Sirius shrugged. “I guess you don’t have an inner eye for things like this.”
Remus’s brain, however, was racing. He was going to die? But…
“How can you be so calm about this?” He demanded, distancing himself from the crystal ball as if it were something evil, something contaminated. “You said it yourself—I’m going to die.”
“You think I’m being calm about this?” Sirius hissed back, frowning. “How do you think I feel, after seeing you—ugh, I don’t even want to say it—”
“What do you—”
“What are you two arguing about?” James suddenly asked loudly from his bed. “Did Sirius see that horde of dancing banshees again?”
“I’m going to die,” Remus announced, pointing at the crystal ball, his voice trembling and near the verge of hysteria. “He says so.”
James flung his legs off of his bed and strode over. “Is that right?”

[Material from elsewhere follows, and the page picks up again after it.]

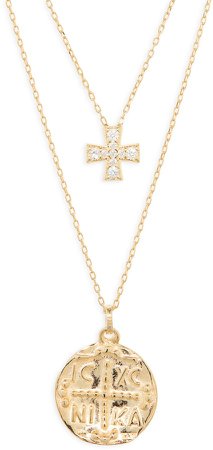 Cross & Medallion Layer Necklace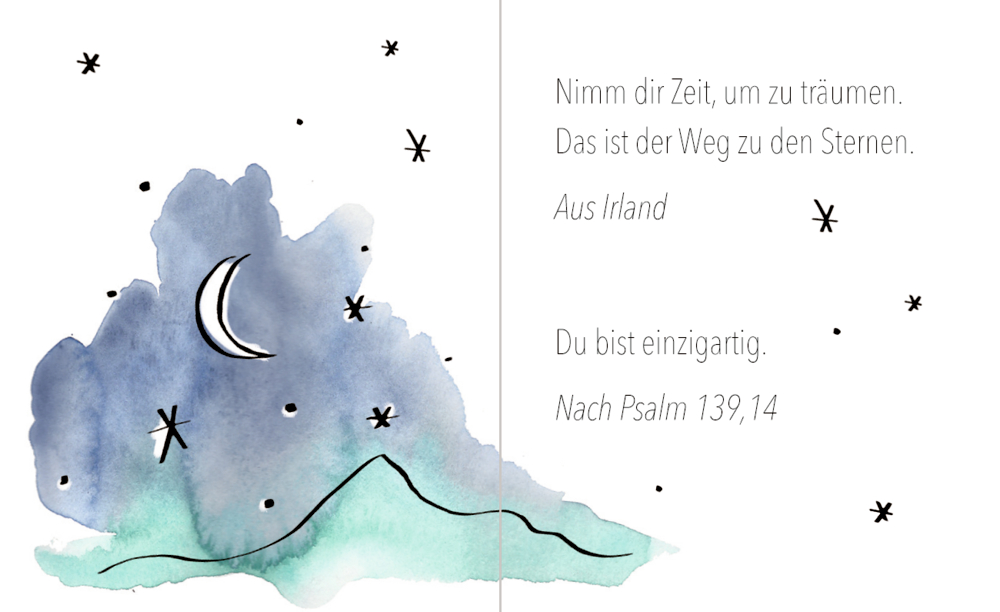 Aquarell-Nachthimmel: Sterne, Halbmond, Hügel und Verse über Träume und Einzigartigkeit.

“I’m not joking, you halfwit!” Sirius exclaimed immediately, before James could accuse him of lying. “I saw it! I saw him—” he broke off and swallowed tightly. “Do I have to describe it?”
“Yes!” Remus found himself saying sharply, angrily. “I want to know how I’m going to die! I can’t avoid it, but…at least I’ll know when it is. When am I going to die anyway?”
“How should I know?” Sirius snapped, seizing his textbook and getting up, leaving the crystal ball where it was on the floor and then going to toss the book in his trunk.
“You’re the one who saw it!” James shouted.
“So? It doesn’t have a date. It doesn’t say, Remus Lupin, deathday of such-and-such.”
“But—” Remus felt lost.
“Look.” Sirius turned to face him. “It would be best to just let it all take its course, because there’s nothing to do about it anyway.
“And besides,” he added, starting to turn away, a small smile on his face, “I lied.”
It took a second for the words to sink in. Remus blinked.
“You what?”
Sirius was grinning now. “I lied!” He looked positively gleeful. “My God, you’re gullible.”
“You—you—” Remus couldn’t form a sentence.
James began laughing. “You utter, complete berk! I can’t believe you did that! You even had me fooled!”
Remus began breathing again. “Sirius Black, that was the cruelest thing I have ever witnessed you doing.”
Sirius made a low bow. “Why thank you, dear client. I always aim to disrupt.”
“Ugh. You know I hate you sometimes?” Remus sighed.
“Of course. And you know we all love you to teensy little bits, right? Because you of course aren’t allowed to be whole. That would just be a complete waste of potion ingredients, after all.”
Remus didn’t think it would be worth the mental power to ask what in the world Sirius was going on about.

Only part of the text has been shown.